Steven Meisel American, b. 1954

Claudia Schiffer, New York, 1990.
Archival Pigment Print.
Edition of 7
Image: 50.8 x 41.9 cm / 20 x 16 1/2 in / Sheet: 61 x 50.8 cm / 24 x 20 in

Edition of 6
Image: 101.6 x 83.8 cm / 40 x 33 in / Sheet: 106.7 x 88.9 cm / 42 x 35 in

Edition of 3
Image : 152.4 x 125.7 cm / 60 x 49 1/2 in / Sheet : 157.5 x 130.8 cm / 62 x 51 1/2 in

Edition of 1
Image: 178.6 x 147.3 cm / 70 1/4 x 58 in / Sheet: 183.6 x 152.4 cm / 72 1/4 x 60 in
Hand-signed by artist, titled, numbered and print date in ink label affixed to mount verso

Steven Meisel shot this in 1990, dead center of the moment fashion stopped selling clothes and started minting goddesses — and Claudia Schiffer, all of twenty, was the face the decade wanted. The cap is the tell: a leopard newsboy shoved back off her brow, those inky rosettes the loudest thing in an otherwise hushed black-and-white frame. Below it, the Breton stripe peeks in at the very bottom edge, a wink of Riviera, of Bardot in her Saint-Tropez summers. Meisel knew exactly which ghost he was conjuring.

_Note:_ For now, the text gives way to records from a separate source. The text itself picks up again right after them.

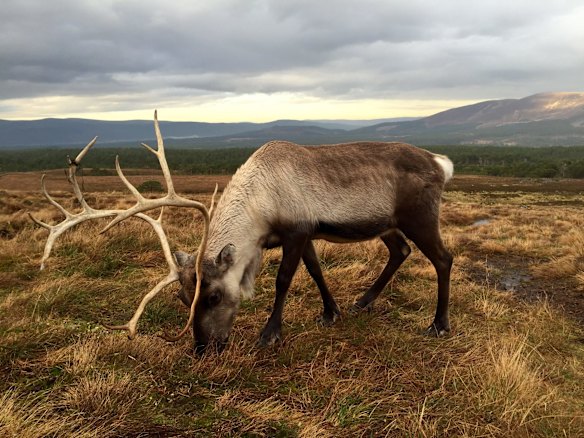 Shot by Alastair B in The Cairngorms, Scotland.
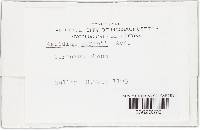 Uromyces geranii image
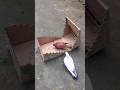 How to make DIY pigeon trap /Bird trap /pigeon trap using cardboard boxes 📦 #experiment #shorts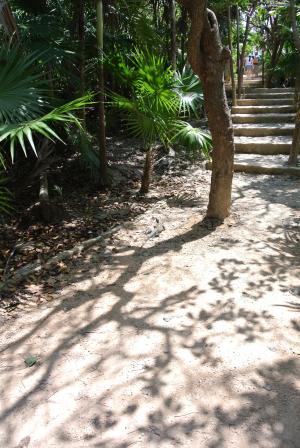 沙子, 树, 棕榈树, 走道, 楼梯, 热带, 阴影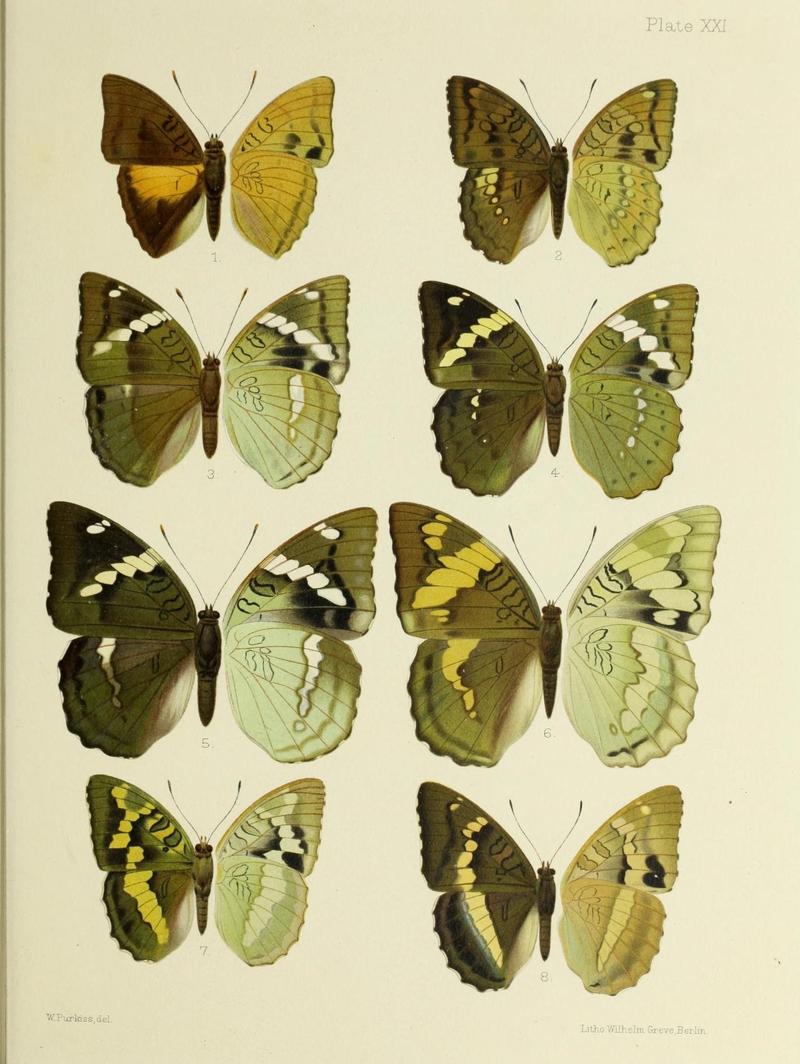 Butterflies from China, Japan, and Corea (19323786242)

But he doesn't let it curdle into pastiche. The mouth does the work — parted, a little insolent, caught between pout and laugh — while the eyes slide off past the lens, refusing us. That refusal is the whole charge. Window light rakes across the cheekbone and turns her loose blonde hair to lit filament; the doorframe at the left keeps it grounded, almost domestic, a studio dressed down to feel stolen.

This is Meisel writing the supermodel grammar in real time, the language he authored for Vogue and made the house style of an entire era. It reads like a screen-siren still and behaves like a fashion picture that already knows it's iconic. An archival pigment print, edition of seventeen — the sitter's mythology and the photographer's, both in one tight, knowing crop.